TASK BRIEF
Look through the entries below and count the lines that contain "Grey". Reply with that number only.

Short text fragments from websites
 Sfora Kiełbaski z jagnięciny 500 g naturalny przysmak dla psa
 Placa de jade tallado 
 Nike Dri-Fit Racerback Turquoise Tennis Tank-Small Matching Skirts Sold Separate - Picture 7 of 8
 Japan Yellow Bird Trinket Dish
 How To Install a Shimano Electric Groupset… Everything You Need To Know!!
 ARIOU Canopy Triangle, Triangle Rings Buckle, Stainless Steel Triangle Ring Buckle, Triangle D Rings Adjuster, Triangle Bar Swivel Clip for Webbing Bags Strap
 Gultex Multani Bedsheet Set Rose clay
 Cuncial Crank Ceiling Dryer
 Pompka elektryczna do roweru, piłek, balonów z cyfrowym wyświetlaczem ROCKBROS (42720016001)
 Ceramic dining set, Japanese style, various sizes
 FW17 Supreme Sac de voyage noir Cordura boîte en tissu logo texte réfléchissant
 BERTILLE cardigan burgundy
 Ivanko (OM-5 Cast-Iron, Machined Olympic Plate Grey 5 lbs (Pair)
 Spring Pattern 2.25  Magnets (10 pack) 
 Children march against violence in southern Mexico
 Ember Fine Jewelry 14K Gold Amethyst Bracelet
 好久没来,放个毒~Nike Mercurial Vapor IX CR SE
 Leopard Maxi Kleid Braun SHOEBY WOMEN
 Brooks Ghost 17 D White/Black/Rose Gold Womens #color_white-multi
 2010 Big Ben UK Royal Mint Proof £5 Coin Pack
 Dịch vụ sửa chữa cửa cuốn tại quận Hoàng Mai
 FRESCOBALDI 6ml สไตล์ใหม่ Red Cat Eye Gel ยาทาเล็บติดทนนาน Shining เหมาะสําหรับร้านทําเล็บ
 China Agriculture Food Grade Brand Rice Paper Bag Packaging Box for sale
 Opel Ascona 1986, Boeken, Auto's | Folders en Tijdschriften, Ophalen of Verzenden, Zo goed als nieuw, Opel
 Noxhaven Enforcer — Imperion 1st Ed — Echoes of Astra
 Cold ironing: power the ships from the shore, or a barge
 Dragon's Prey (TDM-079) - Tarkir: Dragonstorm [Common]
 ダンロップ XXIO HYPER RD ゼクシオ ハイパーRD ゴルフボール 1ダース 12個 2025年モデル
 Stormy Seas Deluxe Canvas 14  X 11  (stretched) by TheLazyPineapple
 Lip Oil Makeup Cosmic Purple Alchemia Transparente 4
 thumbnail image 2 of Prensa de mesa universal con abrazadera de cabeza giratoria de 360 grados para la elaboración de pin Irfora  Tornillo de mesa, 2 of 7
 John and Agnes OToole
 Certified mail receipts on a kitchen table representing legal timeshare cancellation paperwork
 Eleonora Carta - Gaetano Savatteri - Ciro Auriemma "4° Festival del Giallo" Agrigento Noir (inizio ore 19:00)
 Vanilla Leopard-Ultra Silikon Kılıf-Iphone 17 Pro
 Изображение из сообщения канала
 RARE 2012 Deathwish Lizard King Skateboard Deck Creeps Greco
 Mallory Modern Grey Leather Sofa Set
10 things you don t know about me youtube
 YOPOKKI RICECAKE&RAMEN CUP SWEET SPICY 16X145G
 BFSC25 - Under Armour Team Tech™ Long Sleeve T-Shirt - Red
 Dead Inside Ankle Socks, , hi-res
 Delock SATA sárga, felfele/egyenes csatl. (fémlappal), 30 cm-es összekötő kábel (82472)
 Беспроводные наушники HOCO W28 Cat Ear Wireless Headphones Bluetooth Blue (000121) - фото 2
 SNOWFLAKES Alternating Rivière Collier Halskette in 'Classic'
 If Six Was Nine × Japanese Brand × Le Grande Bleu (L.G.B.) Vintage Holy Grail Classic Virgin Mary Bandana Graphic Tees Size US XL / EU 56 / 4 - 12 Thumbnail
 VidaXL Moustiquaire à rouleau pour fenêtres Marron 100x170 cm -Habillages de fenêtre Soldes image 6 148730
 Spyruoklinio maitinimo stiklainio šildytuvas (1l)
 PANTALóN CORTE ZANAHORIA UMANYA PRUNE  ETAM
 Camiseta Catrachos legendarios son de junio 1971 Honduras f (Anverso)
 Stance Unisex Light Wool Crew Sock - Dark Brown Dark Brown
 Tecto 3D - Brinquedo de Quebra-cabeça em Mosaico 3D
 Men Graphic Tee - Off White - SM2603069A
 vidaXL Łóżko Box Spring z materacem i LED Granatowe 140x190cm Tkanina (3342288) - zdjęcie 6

SOLUTION
2